Despite many warnings to the contrary, I learned that crowdfunding is just like all fundraising: a lot of hard work. In April, I started a campaign to raise money for Imperfect, a new company that aims to reduce food waste by selling people ugly fruits and vegetables. Three hundred packages and $38,000 later, the campaign is finally over.
Here’s what it took to make it happen.
First, I had to figure out how to reach out to my network. Most of the people who will donate to your campaign already know you. Before we even launched, I had sent each of my 250 closest friends and acquaintances at least five emails reminding them to donate. People like to be a part of success, so the more people you can get to fund on the first day, the better. Looking back at my Facebook wall during the month of our campaign, if I were one of my friends, I probably would have donated just to get me to shut up. Crowdfunding is a platform, not a magic pill that gets your networks to notice you (that’s part of the job!).
The next thing I had to decide when I was setting up my crowdfunding campaign is what perks to offer people who donate. Sitting there with no money in your company bank account makes you want to offer anything and everything to get people to donate. But here’s a secret—for most campaigns, the vast majority of people who donate are going to know you personally, which means they’re going to give money to support you whether or not there’s a gift involved. The perks are a nice way to make asking your best friend for $50 easier, but they won’t make or break your campaign. I decided to offer a lot of small, funny, promotional items that would be keepsakes for people who donated—bumper stickers, t-shirts, totes bags with our logo on them. Seemed cheap enough to fulfill—get a designer friend to draft something up, slap it on some swag. Badabing, badaboom you have a perk. Here was my thought process: I can pack a box in about 10 seconds, so 300 boxes would be about an hour tops.
Wrong.
In reality, it probably took 40 hours to fulfill the perks—a far cry from 60 minutes.

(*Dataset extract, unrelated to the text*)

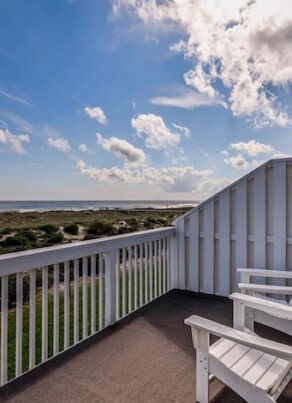 Amelia Island Rentals porch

And you’d be surprised at how hard it is to come up with a good slogan for a bumper sticker. I ended up going with a picture of an ugly pepper captioned, “Bite Me.” (You’d also be surprised at how many tiny little pieces of tape a human body is willing to swallow before it finally sends a signal to the brain to stop being dumb and go buy a pair of scissors.)
Despite the hours of my life lost to packing boxes and the emotional trauma of straining all my friendships at once, I would do it all over again. Crowdfunding works, but you have to have realistic expectations.
Understand the full costs of the design, materials, shipping, and time it takes to deliver perks, and make sure you put them at the appropriate funding levels. Be willing to humble yourself to near-strangers and be rejected by even your closest friends. And know that the month that your crowdfunding campaign is live, you might have to scale back your social life a bit.
Ultimately, you get out what you put in.